As its title suggests, “The Human Factor” would like us to believe that the outcome of the various iterations of peace talks was ultimately determined by individual foibles and personal motivations — the personalities of the Israeli and Palestinian heads of state. Yasser Arafat felt respected by Yitzhak Rabin. Clinton felt driven after Rabin’s assassination to produce an agreement. Ehud Barak was overly and stubbornly confident in his strategy (of striking a deal with Syria first, which left Arafat feeling disrespected).
The talking heads typically place us in the room where it happened, backed with an always-fascinating parade of still photos and TV news snippets that place us firmly in the moment.
It’s an intuitive filmmaking approach, but it has an unexpected and unfortunate consequence.
The selling point of the film is Moreh’s access to insiders, which was also true of “The Gatekeepers,” his 2012 doc that examined Israeli-Palestinian history through interviews with six former heads of the Israeli intelligence agency Shin Bet.
But unlike that film, “The Human Factor” imparts more importance to the behind-the-scenes details and deliberations between the principals than what was happening in the streets.
Rabin’s murder in 1995 is a turning point in “The Human Factor,” of course, but less emphasis is given to the massacre of Arabs at a Hebron mosque by a Jewish fundamentalist the previous year and to the Palestinian suicide attacks that terrorized Jerusalem.
Consequently, the film gives less weight to the public pressures that prime ministers Yitzhak Shamir, Rabin and Barak, and Palestine Liberation Organization chairman and president Arafat encountered from their constituents, and imparts more importance to their individual courage, common sense and willingness to compromise.
Helal says in the press materials, “I hope that future generations can learn that seizing opportunities is the main responsibility of leaders and nations.”
But should we conclude, to pick one example, that Arafat missed the moment when he turned down Barak’s wide-ranging proposal because it retained Israel’s control of the Temple Mount and the Al-Aqsa mosque? The American diplomats belatedly admit that if Arafat had signed the deal he’d have been the subject of a fatwa in the Arab world.

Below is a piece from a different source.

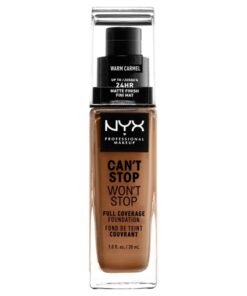 shop NYX Prof. Makeup Can't Stop Won't Stop Foundation 30 ml - Warm Caramel (U) af NYX Professional Makeup - online shopping tilbud rabat hos shoppetur.dk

“The Human Factor” doesn’t ascribe fault or blame, and neither seeks nor finds villains. But as is inevitable with films about the Middle East, every viewer will see their own movie, filtered through his or her perceptions of history, politics and, yes, the human factor.
Those perceptions are of a piece with Helal’s rueful summing-up in the film: “Unless you are planning on accepting the other side, there is zero hope for a solution.”
Michael Fox is a film critic based in San Francisco.